Apple shares dipped below $400 for the first time since April on Monday as a glut of unsold iPhones prompted Jefferies & Co. to lower its target price, and Global Equities Research said low morale is causing employee departures.

Apple (Nasdaq: AAPL), the world’s most valuable technology company, fell 2.7 percent to $402.54 at the close in New York, after earlier dropping as low as $398.05. The shares have declined 24 percent this year, compared with a 10 percent gain in the Standard & Poor’s 500 Index.

The stock has retreated 43 percent from a record high in September amid concern that Chief Executive Officer Tim Cook has taken too long to deliver a new breakthrough product to help make up for stiffer iPhone competition. Retailers and wireless carriers have twice the normal levels of iPhone inventory, indicating that Apple is selling fewer handsets than expected, said Peter Misek, an analyst at Jefferies.

Trip Chowdhry, an analyst at Global Equities, also said morale is low and more Apple workers are seeking jobs at companies such as Google Inc. and Facebook Inc.

Apple is “a whipping boy of Wall Street right now,” Laszlo Birinyi Jr., the founder of Birinyi Associates Inc., said in an interview with Bloomberg Television last week.

In the second half of this year, Apple will build a maximum of 85 million iPhones, Misek wrote in a research report, less than his prior estimate for 110 million units. He rates the shares a hold and cut his target price to $405 from $420.

Google’s Gains

The stock slump is being felt by employees, Chowdhry said. Google’s shares, by contrast, have gained 23 percent this year.
“Recruiters are seeing more and more employees from Apple applying for jobs at Google, LinkedIn, Facebook and even Hewlett-Packard,” Chowdhry wrote in a research report.

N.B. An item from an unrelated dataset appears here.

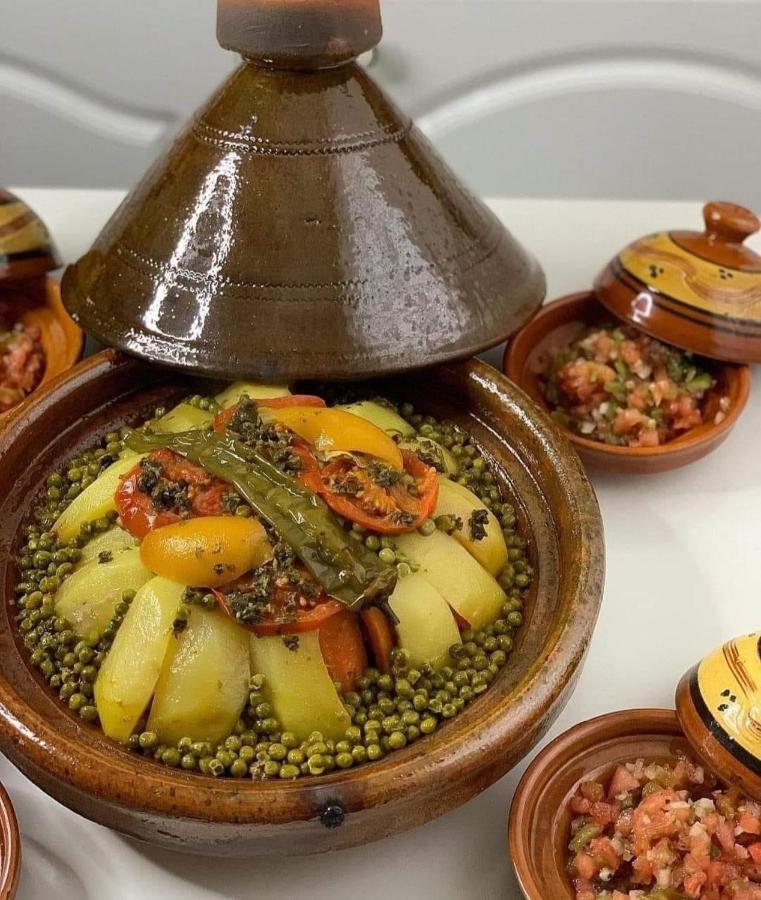 Riad Abqari Youssefi Фес Экстерьер фото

Steve Dowling, a spokesman at Apple, declined to comment.

As of last week, Cook’s pay will be determined partially by Apple’s stock. In a change to his pay package, Apple’s board said on June 21 that about a third of the 1 million shares Cook was awarded when he succeeded Apple co-founder Steve Jobs in 2011 will now be determined by how the stock performs compared with other companies in the Standard & Poor’s 500 Index.

Other than a new MacBook Air laptop, Apple hasn’t had a new product go on sale since last year, leaving investors and customers awaiting the release of a new iPhone and iPad, which may arrive later this year. Apple’s profit fell for the first time in a decade in the most recent quarter, and analysts predict the slump will continue in the current period.